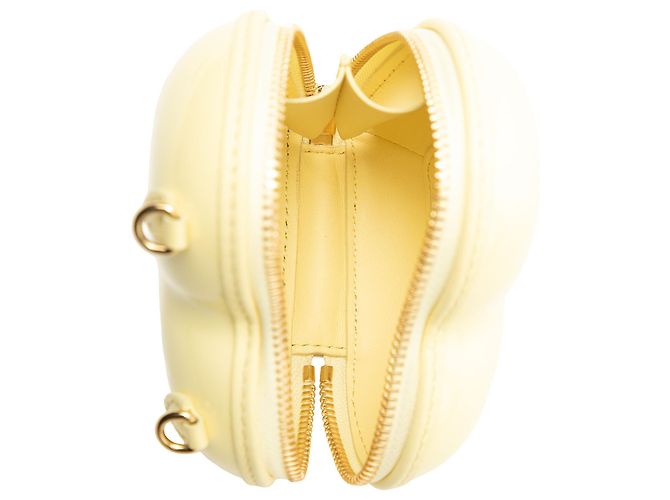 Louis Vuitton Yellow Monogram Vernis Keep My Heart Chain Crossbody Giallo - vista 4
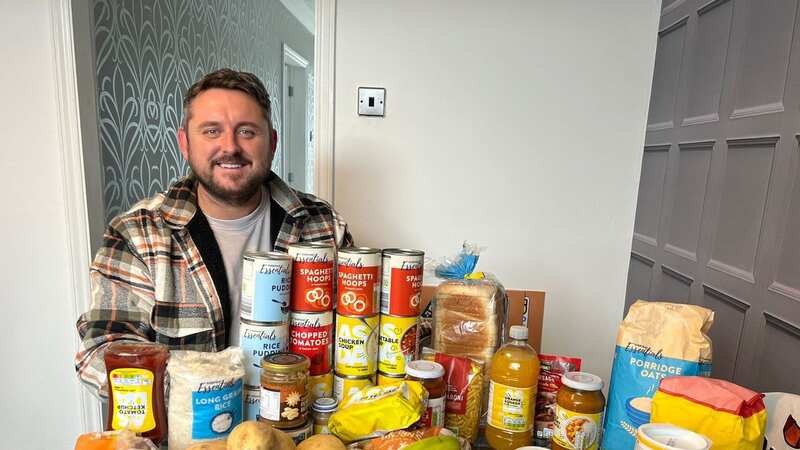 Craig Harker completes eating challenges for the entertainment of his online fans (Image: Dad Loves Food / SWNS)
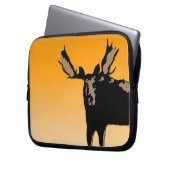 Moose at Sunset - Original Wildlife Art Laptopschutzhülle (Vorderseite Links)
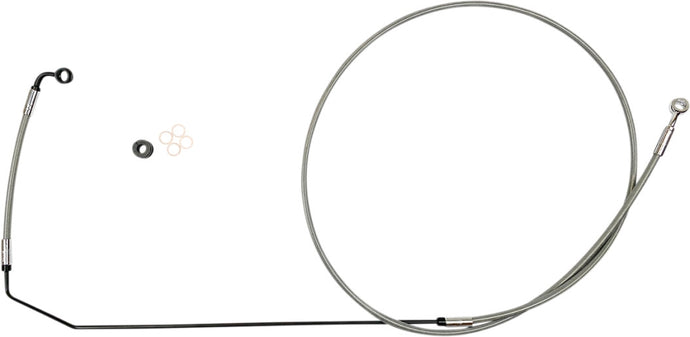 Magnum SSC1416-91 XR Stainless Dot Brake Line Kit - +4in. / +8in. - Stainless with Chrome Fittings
——
## Description of the task
All of the preceding material should be output verbatim, with the pictures excluded.

## Task solution
 Louis Vuitton Yellow Monogram Vernis Keep My Heart Chain Crossbody Giallo - vista 4
 Craig Harker completes eating challenges for the entertainment of his online fans (Image: Dad Loves Food / SWNS)
 Moose at Sunset - Original Wildlife Art Laptopschutzhülle (Vorderseite Links)
 Magnum SSC1416-91 XR Stainless Dot Brake Line Kit - +4in. / +8in. - Stainless with Chrome Fittings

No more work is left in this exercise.